Margarita escuchó en la radio que se cumplió un año de la desaparición del pequeño Loan. En el mismo informe dijeron que se pagó tres millones de dólares por un jugador de fútbol.
Apagó el transmisor con dolor y se hizo una pregunta: ¿cuánto vale la vida?
Serie Miradas desde la ciudad.
Autora: Vivi García.
vivitecuenta@gmail.com
@vivi. garciagarcia


domingo, 2 de enero de 2022

La espera, por Vivi García

 Veinticuatro de diciembre. Estoy en la plaza de mi infancia aguardando para ser hisopada. A pesar de haber llegado media hora antes del horario de apertura, en la cola tengo cincuenta personas delante. 

Naturalmente brota la oración "ojalá dé negativo y que los positivos la pasen pronto y bien". Imposible no invocar a lo Supremo cuando la Naturaleza está tan cerca: el gorjeo de las aves, la danza de las hojas, los diferentes tonos de verdes, dos cotorras que se disputan un fruto... 

En esta plaza jugué, soñé, me divertí, casi una segunda casa en tiempos en que el juego en la calle era cotidiano. 

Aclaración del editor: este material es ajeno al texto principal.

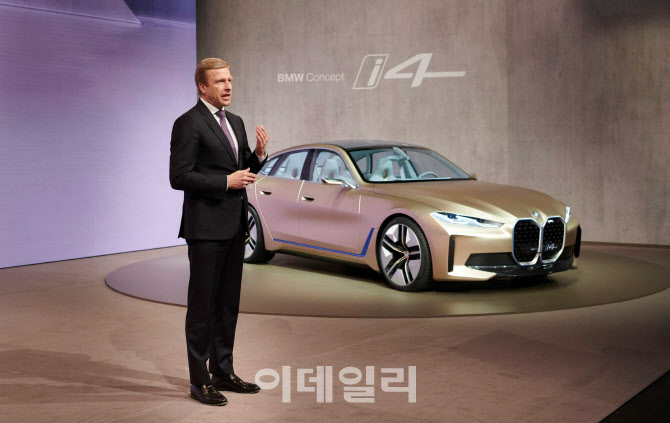 BMW "미래 모빌리티 연구개발에 300억 유로 투자"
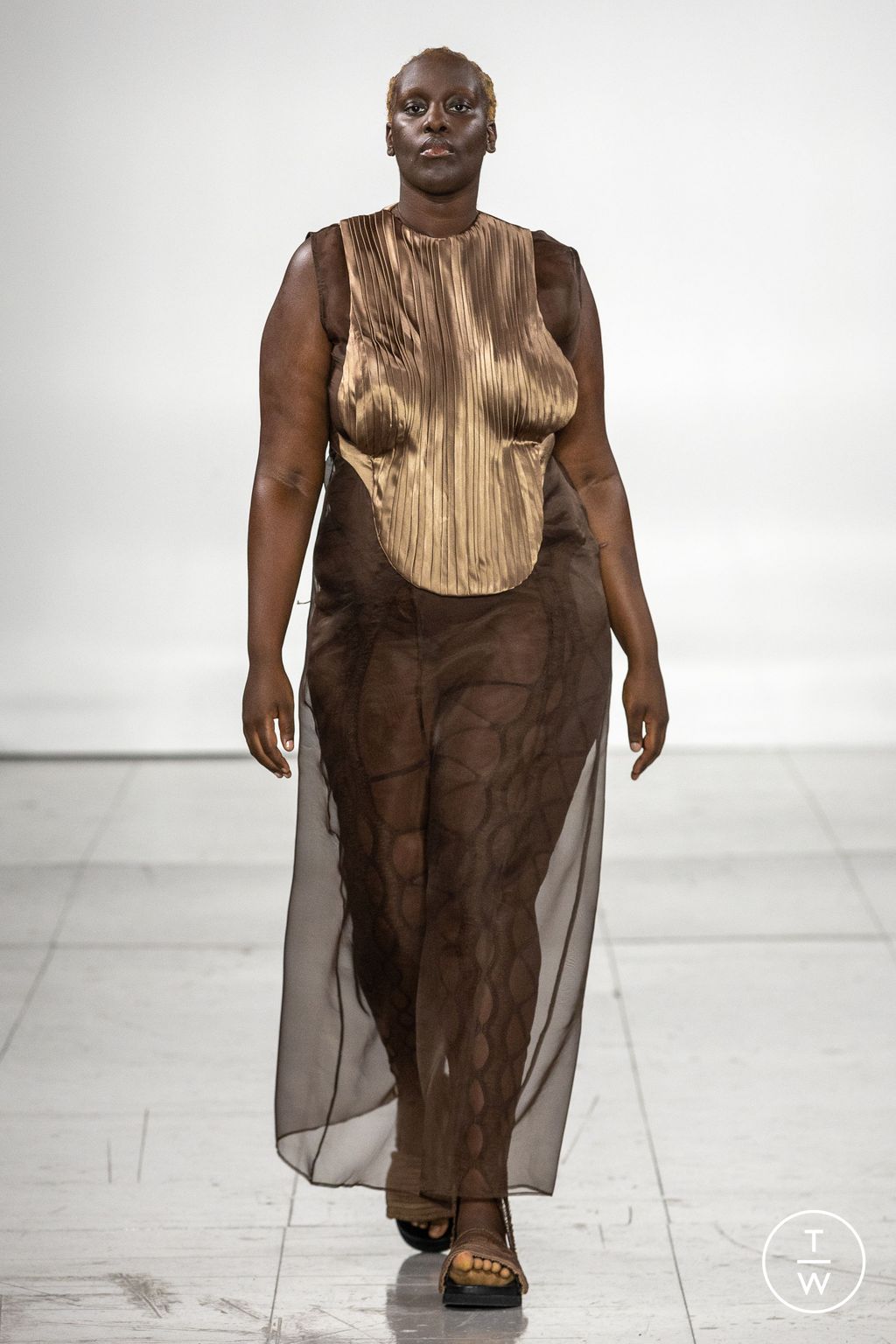 Fashion Week London Spring/Summer 2023 look 30 from the Sinéad O'Dwyer collection womenswear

Buen ejercicio para la paciencia la espera. 

Las esperas... todo un tema como para reflexionar, ¿no?

Pero aquí me detengo. Comienzan a atender a las 8.00 y faltan 3 minutos.

Plaza Santojjanni.




lunes, 24 de mayo de 2021

"La calle de los cuentos" por Vivi García.

   En Floresta existe la calle de los cuentos. En realidad es un bello espacio verde pegadito a las vías del tren. Está del lado norte, y a pesar de ser  un foco textil y comercial con todo lo que eso implica, esta calle palabrera conserva, gracias a Matilde, el aroma de los cuentos. 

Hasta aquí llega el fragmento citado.